**What you will do**
Ignoring pictures, transcribe exactly the lines between the one containing "シートは少し汚れが目立つでし" and the end of the material, both included.

**Given data**

+===+

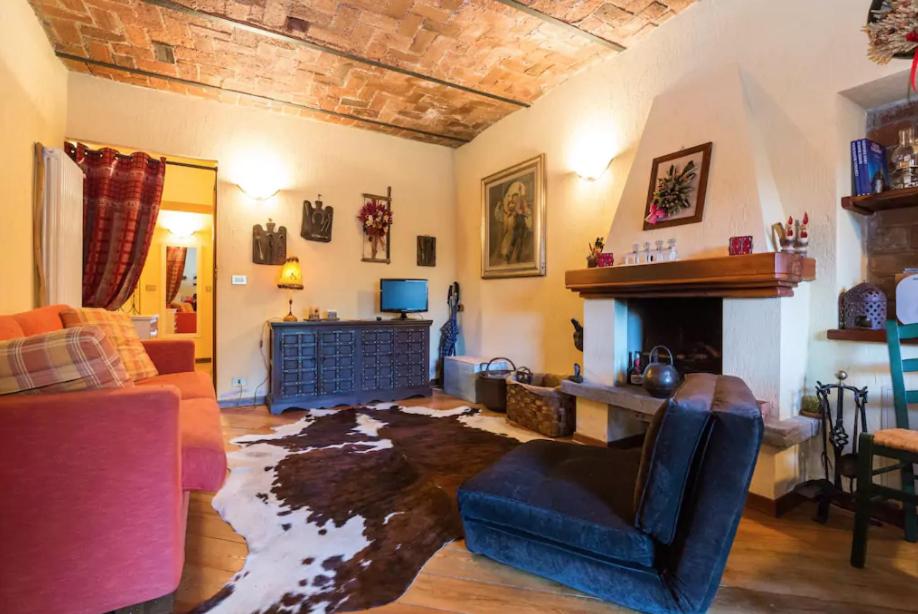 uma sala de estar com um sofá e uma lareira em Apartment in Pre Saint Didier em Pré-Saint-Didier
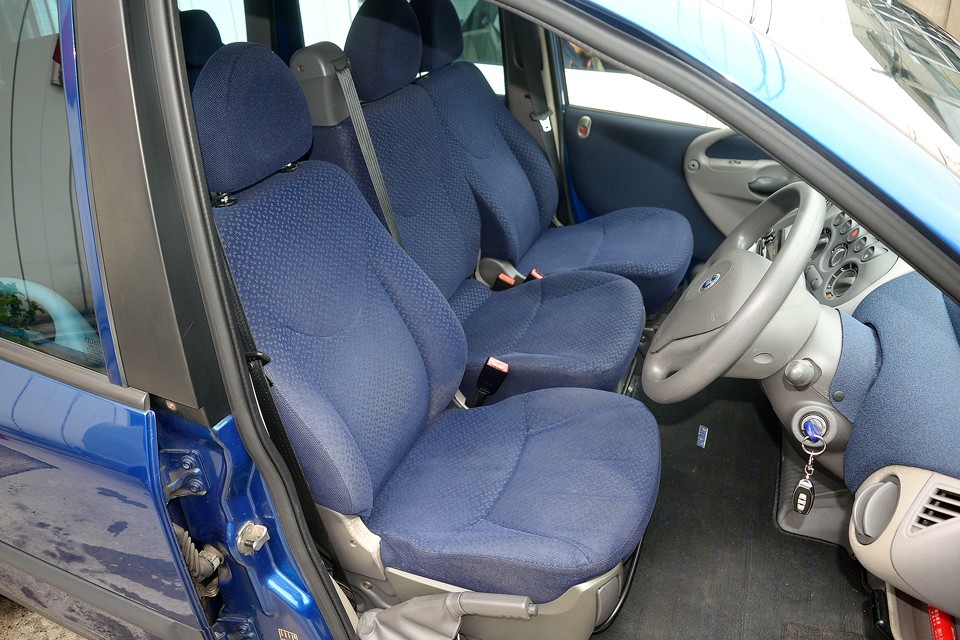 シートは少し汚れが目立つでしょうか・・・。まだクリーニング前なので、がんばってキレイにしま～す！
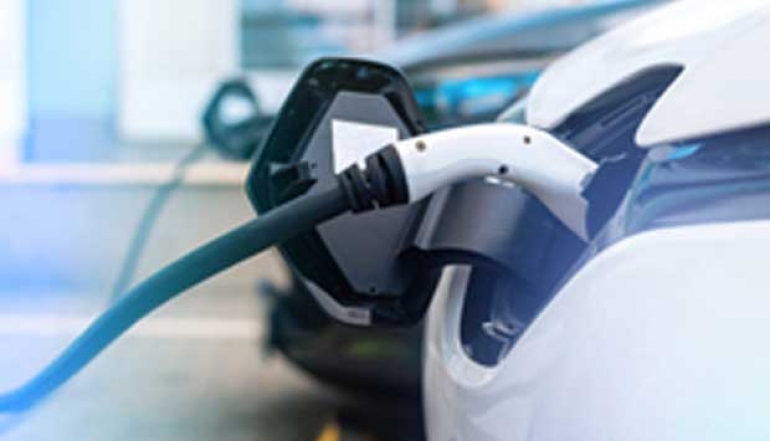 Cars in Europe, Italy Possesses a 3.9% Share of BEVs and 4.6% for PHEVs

+===+

**Solution**
 シートは少し汚れが目立つでしょうか・・・。まだクリーニング前なので、がんばってキレイにしま～す！
 Cars in Europe, Italy Possesses a 3.9% Share of BEVs and 4.6% for PHEVs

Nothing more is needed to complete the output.